Tuesday, December 4, 2007

California has the law, but what can they do with it?

California has a landmark law to reverse global warming; Governor Schwarzenegger hailed the law as an example for the rest of the country. But is the world, or even California, now safe from the inevitable climate changes that the planet has experienced throughout its history and existence?

The governor has promoted the state as a world leader in reducing greenhouse gases, praising the law as a template for the nation and other countries to follow as they seek ways to reverse global warming. Even now Hawaii and New Jersey are ready to follow California and Congress, led by Democrats, is considering basing a federal law on California’s version.

Everything is hunky dory for the environmentalists; the law is in place, the only problem is “what do we do now”?

"We're trying to figure out how in the world we're going to make this work," said Catherine Reheis-Boyd, chief operating officer at the Western States Petroleum Association. "There's too much at stake here to do it wrong."

What is “at stake”; well only the entire economy of a state with a population of 37 million and whose economy is larger than most countries of Europe.

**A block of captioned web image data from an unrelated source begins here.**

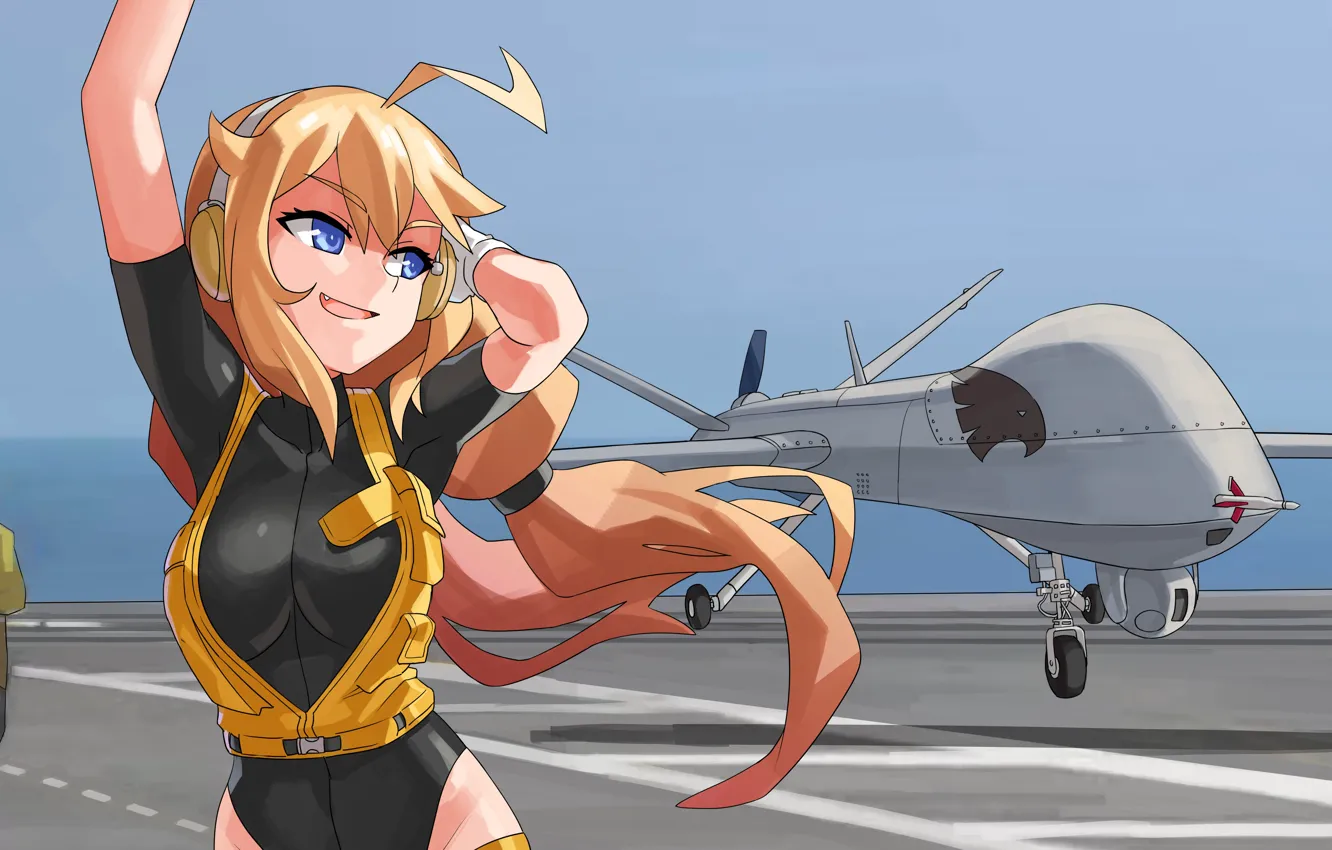 Photo wallpaper Girl, The plane, Anime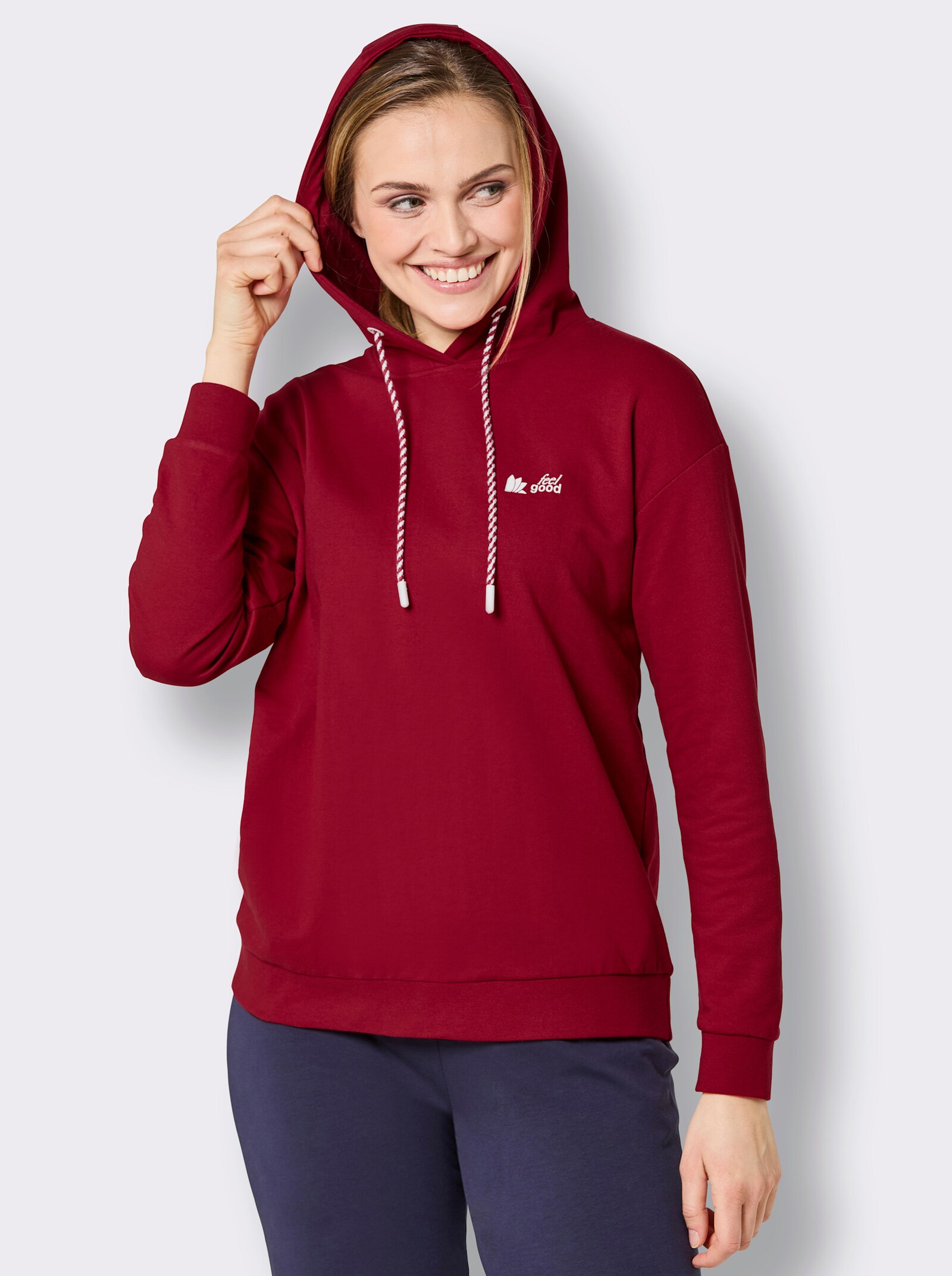 Sweatshirt mit überschnittenen Schultern - kirsche-weiß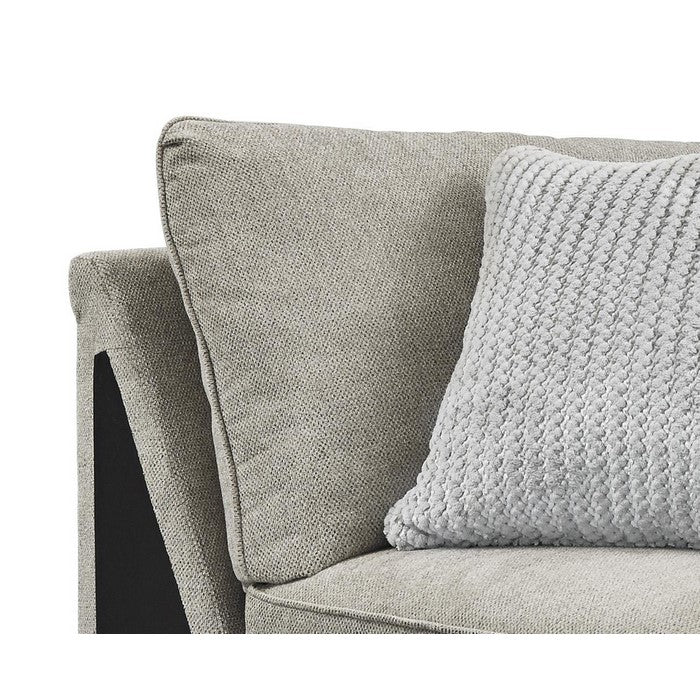 Fabric Upholstered Wooden Framed Wedge, Light Gray and Black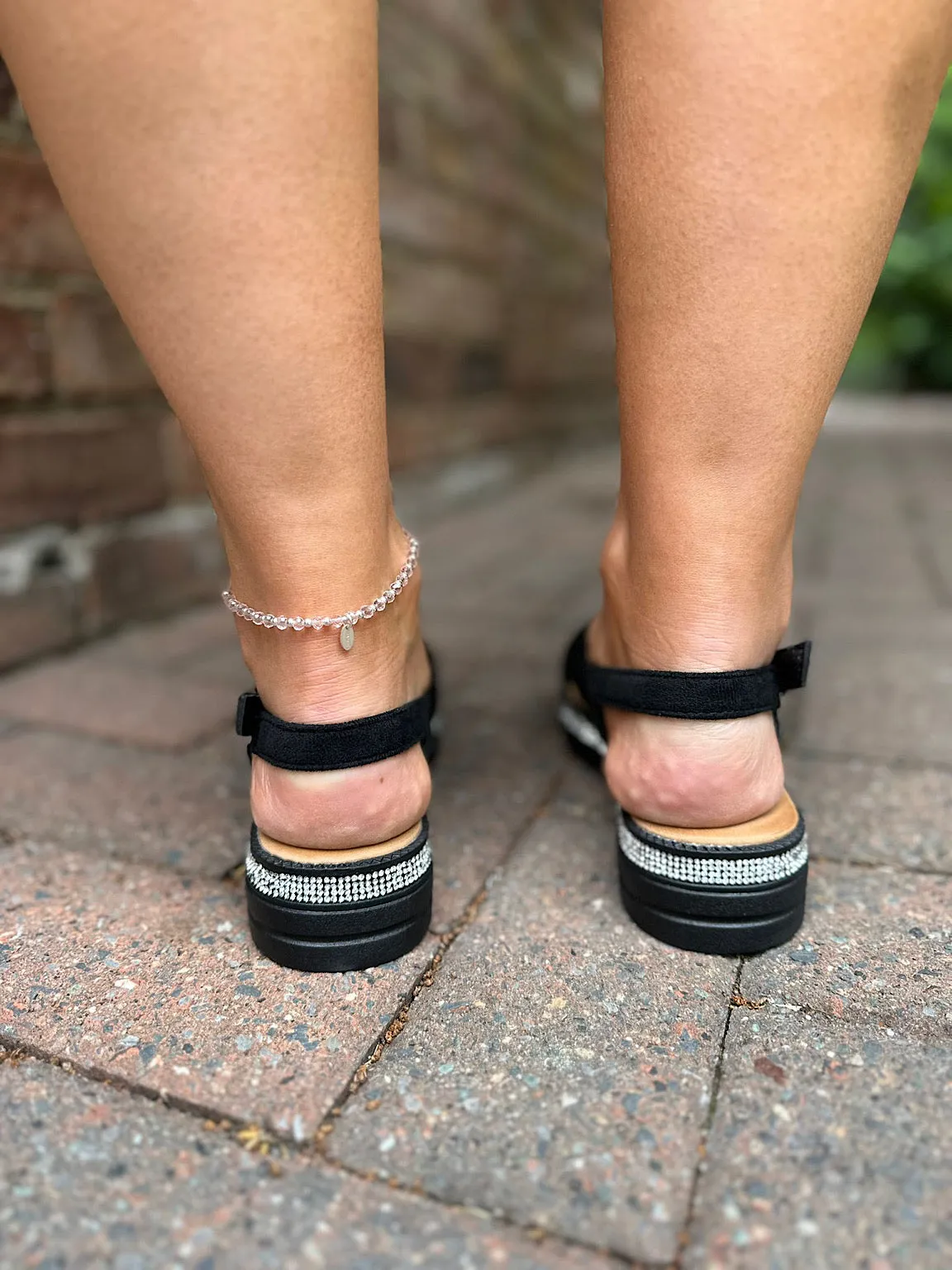 Black Diamante Cross Over Sandals in Faux Suede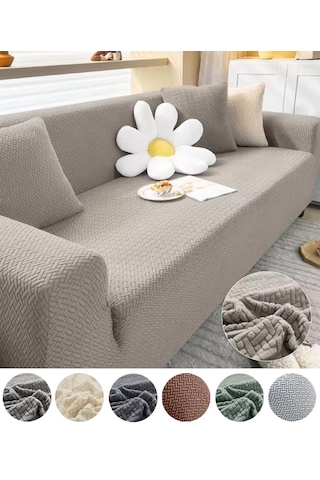 Upmall Tuğla Desen Koltuk Örtüsü Çekyat Kılıfı 3 Kişilik Vizon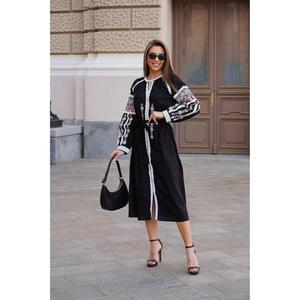 Elegante Vestido Vintage Bordado de Ucrania para Mujer, Bordado a Mano, 100% Algodón, Negro Sólido, Corte en A, Largo hasta la Rodilla - Product Image 1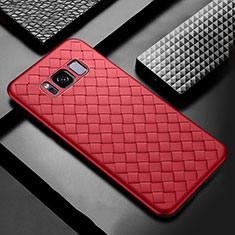 Custodia Silicone Morbida In Pelle Cover per Samsung Galaxy S8 Rosso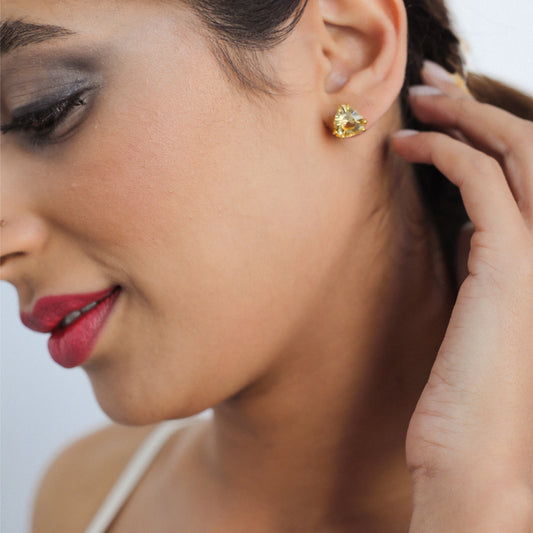 Citrine Triangle Earrings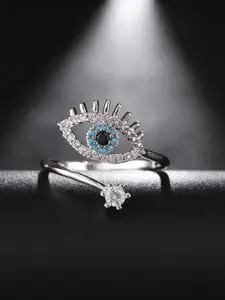 MEENAZ Silver-Plated AD-Studded Adjustable Evil-Eye Charm Ring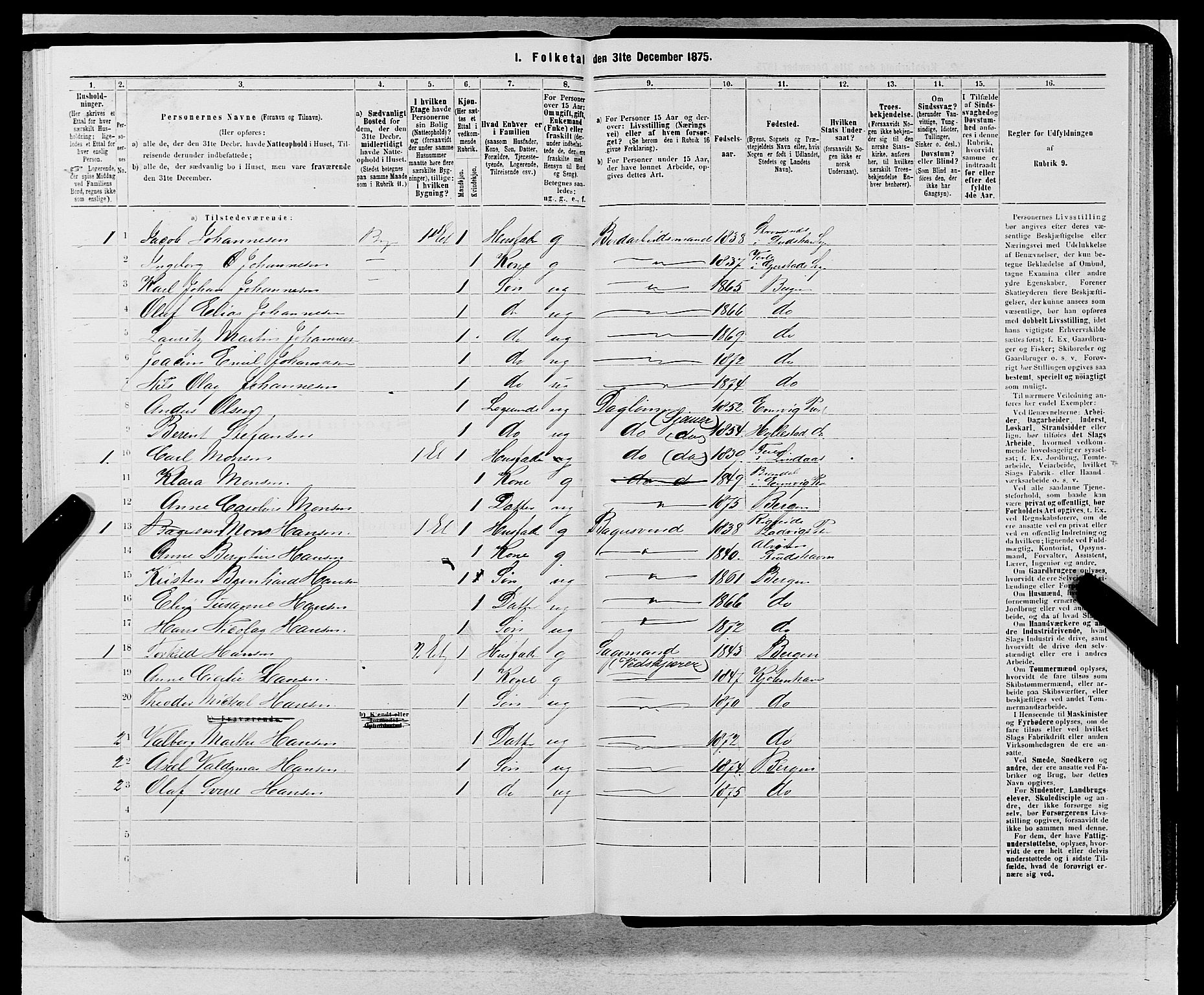 SAB, 1875 census for 1301 Bergen, 1875, p. 6120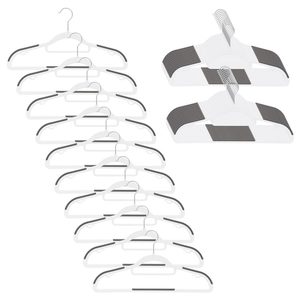 Set de 30 de umerase antiderapante pentru haine, din PE, cu carlig metalic rotativ, 41 cm, alb si gri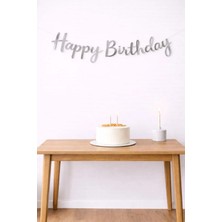 Baloncu Nene Gümüş Happy Birthday Yazılı Banner Kutlama Doğum Günü Set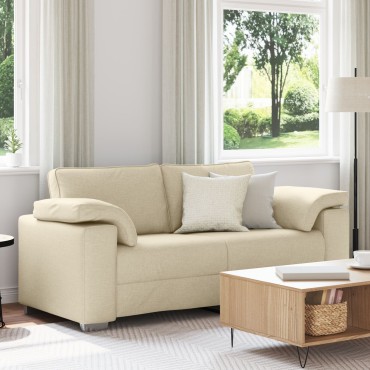 vidaXL Καναπές Loveseat Κρεμ Υφάσματος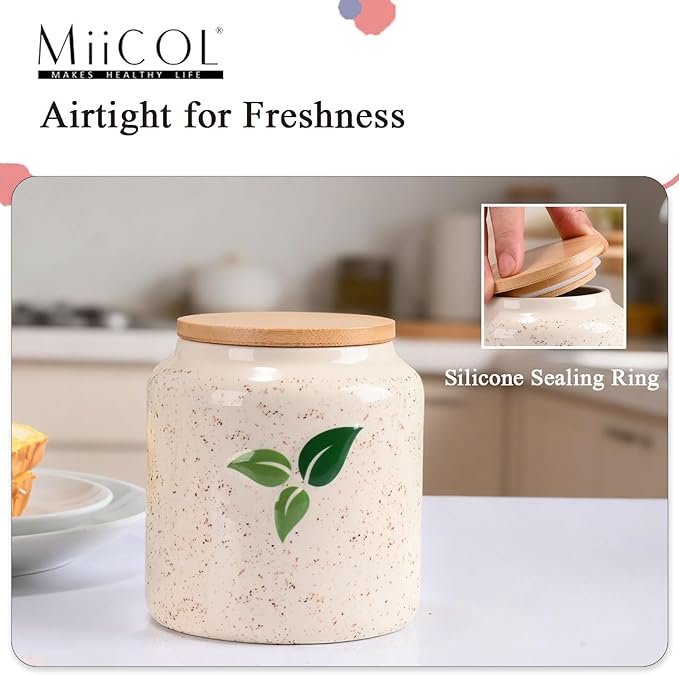 Miicol Ceramic Storage Canister, Tea Canister with Airtight Lid, Round Food Storage Container, Kitchen Storage Jar for Coffee Bean, Flour, Sugar, Pasta, Spices, 20 fl.oz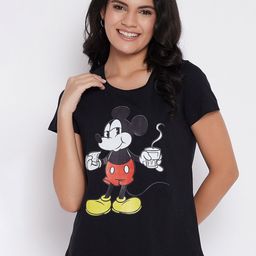 Disney by Wear Your Mind Women BlackRed Mickey Mouse Printed Pure Cotton T-shirt-image-20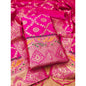 Generic Women's Banarasi Silk Printed Unstitched Salwar Suit Material With Dupatta (Pink, 3Mtrs)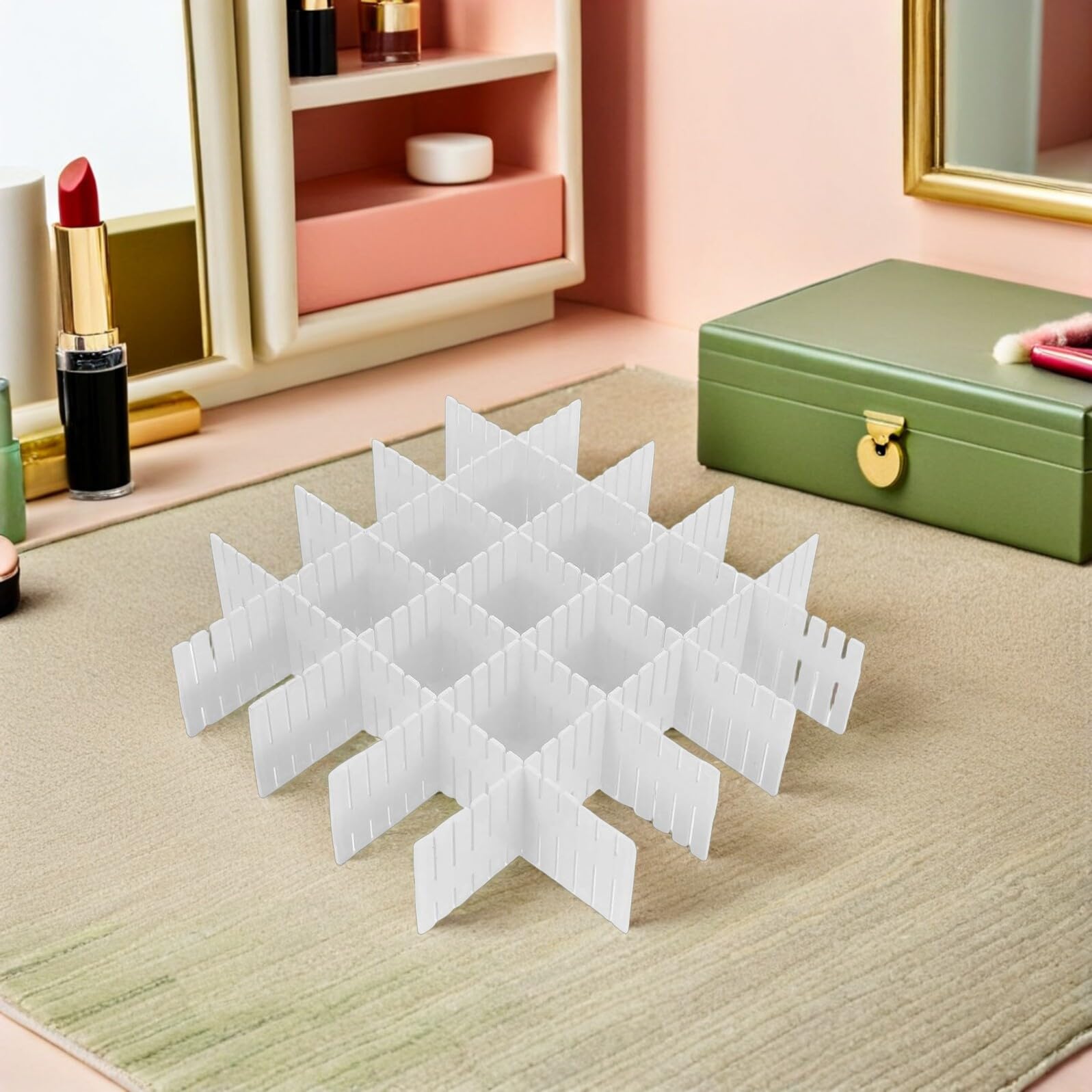16 Stück Verstellbare Schubladenteiler DIY Kunststoff Organizer Weiß Flexibel für Socken Unterwäsche Kosmetik Schrank Küche Zubehör
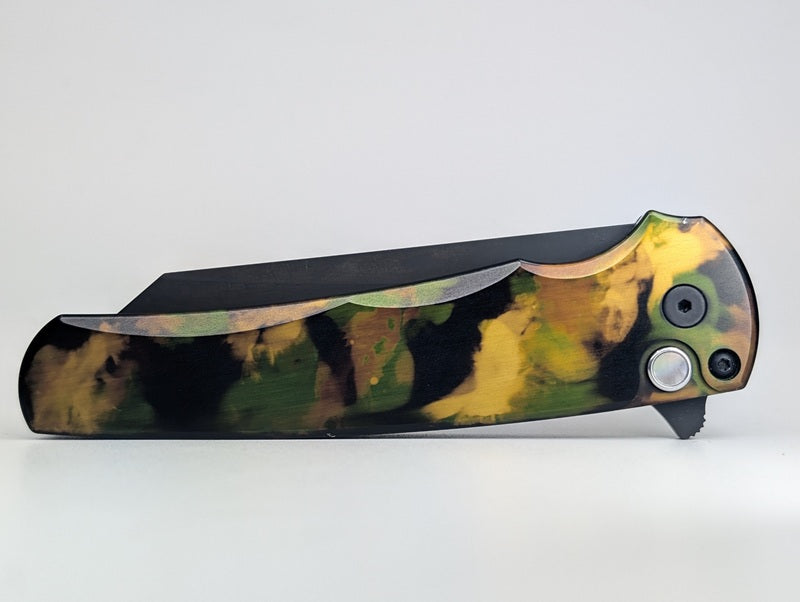 *Consignment* Protech Malibu Woodland Camo REC Exclusive Button Lock Folding Knife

California is the world's 12th largest producer of greenhouse gases and the new law is expected to affect about 800 manufacturing facilities. Major industries including utilities, oil and gas refineries, large manufacturers, timber companies and cement plants are required to collectively cut emissions over the next 13 years so the state can return to 1990 emission levels.

Air regulator experts (if there is such a thing) estimate greenhouse gas emissions will have to be reduced by 174 million metric tons but basic questions must be answered in order to implement the law; for example, are there tracking systems that can measure greenhouse gas emissions, can businesses determine what their emissions were in 1990, and how can the state verify emission cuts as they occur.

It is also nuclear whether companies will be given credit for programs to reduce emissions that were, or would be, started before the emission caps take effect in 2012, leaving the state just eight years to reduce emissions to 1990 levels.

"What's a company to do today? Should they go ahead and do emission reductions?" said Dorothy Rothrock, vice president of the California Manufacturers and Technology Association. What about companies that are unable to reduce emissions; will they have to shut down and what will happen to the people they employ?

California's utilities and factories are among the country's most efficient electricity producers and users, largely due to the state's high cost of energy. California's utilities use more cleaner-burning natural gas, hydroelectricity and renewable sources than power plants in most other states which rely chiefly on coal. But California utilities still will be required to invest millions more to meet California's ambitious greenhouse gas emission targets.

Manufacturers have warned the law could put factories out of business and that the global warming law will only add to the price of doing business in a state already known for its high cost of doing business because of a strict regulatory environment.

California faces the prospects of lengthy and expensive litigation as businesses struggle to stay in business. And what does the State Air Resources Board chairwoman Mary Nichols say - "It's more complicated than anything we've had to do before, the state will be working through the challenges for years to come.”

One thing we can be sure about, ‘do gooder’ Democrats and environmentalists have no shortage of ideas to mess up the country, and unfortunately Governor Schwarzenegger has bought into their schemes.